--- DATA EXTRACT ---
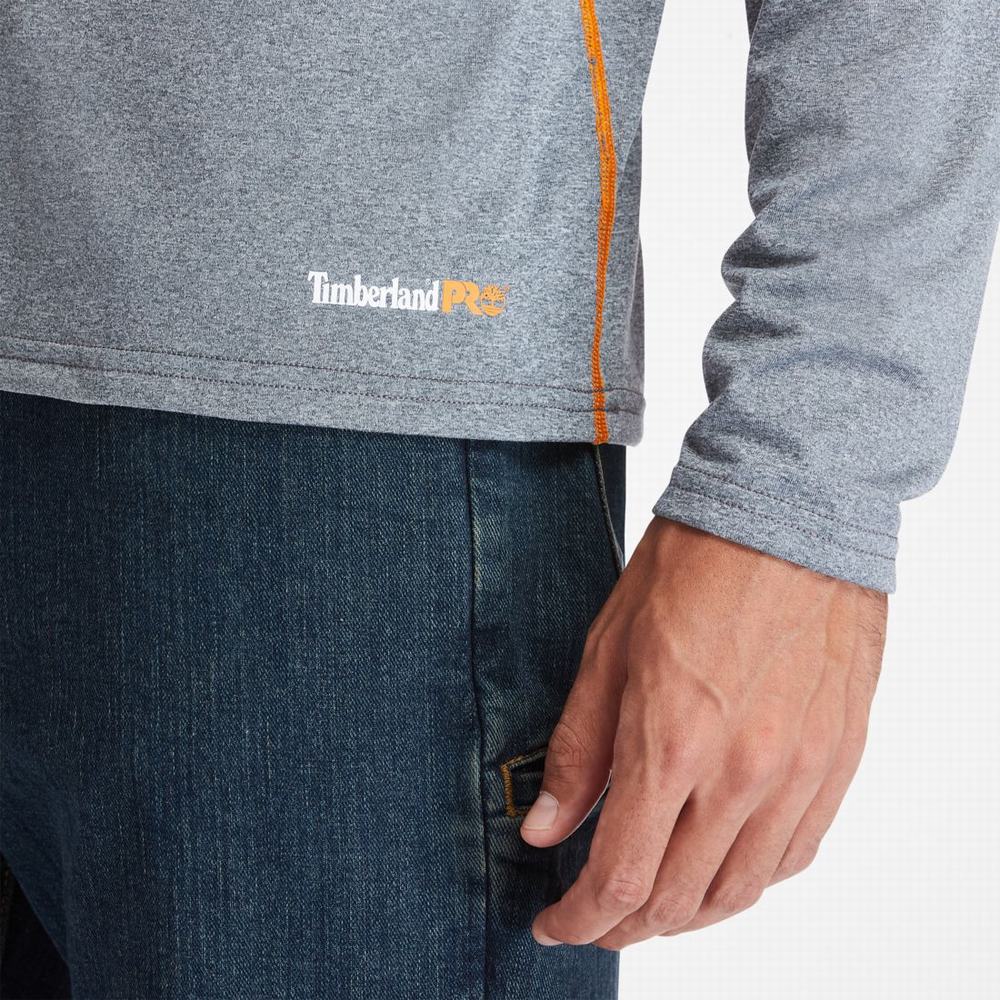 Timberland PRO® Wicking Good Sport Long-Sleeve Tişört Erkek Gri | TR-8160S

==

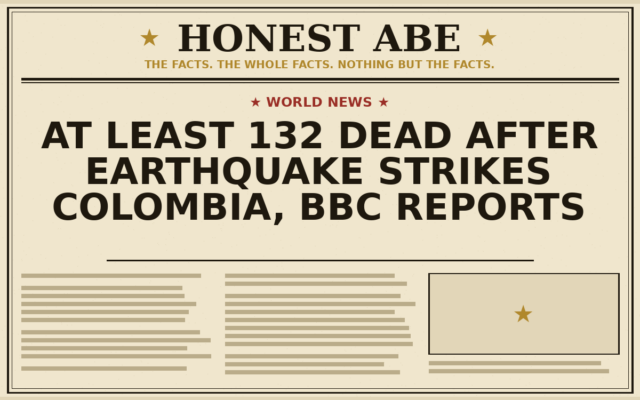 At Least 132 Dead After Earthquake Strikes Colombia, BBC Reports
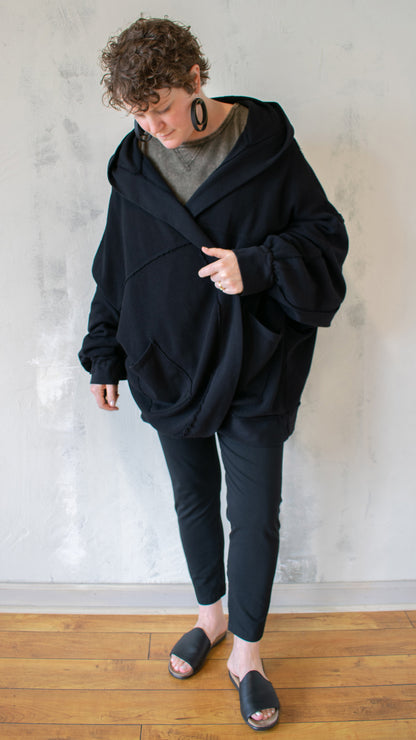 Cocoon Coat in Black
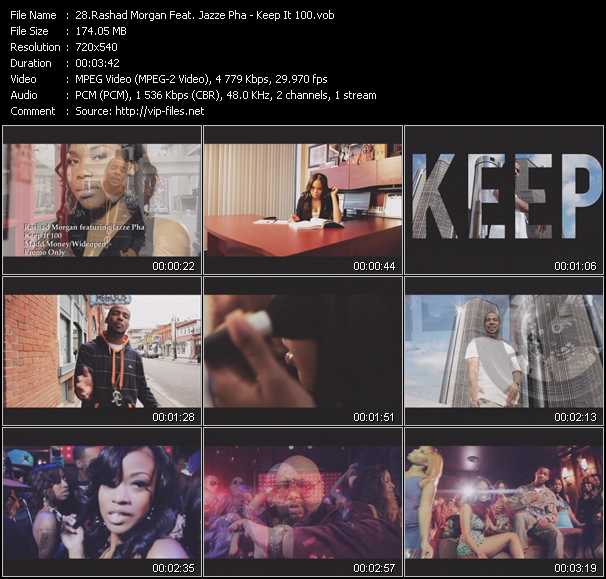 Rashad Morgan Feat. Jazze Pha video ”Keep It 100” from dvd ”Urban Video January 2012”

--- YOUR INSTRUCTIONS ---
From the material above, give again exactly the lines from the one that contains "Cocoon Coat in Black" through the one that contains "Rashad Morgan Feat.", and leave out the pictures.

--- ANSWER BOX ---
 Cocoon Coat in Black
 Rashad Morgan Feat. Jazze Pha video ”Keep It 100” from dvd ”Urban Video January 2012”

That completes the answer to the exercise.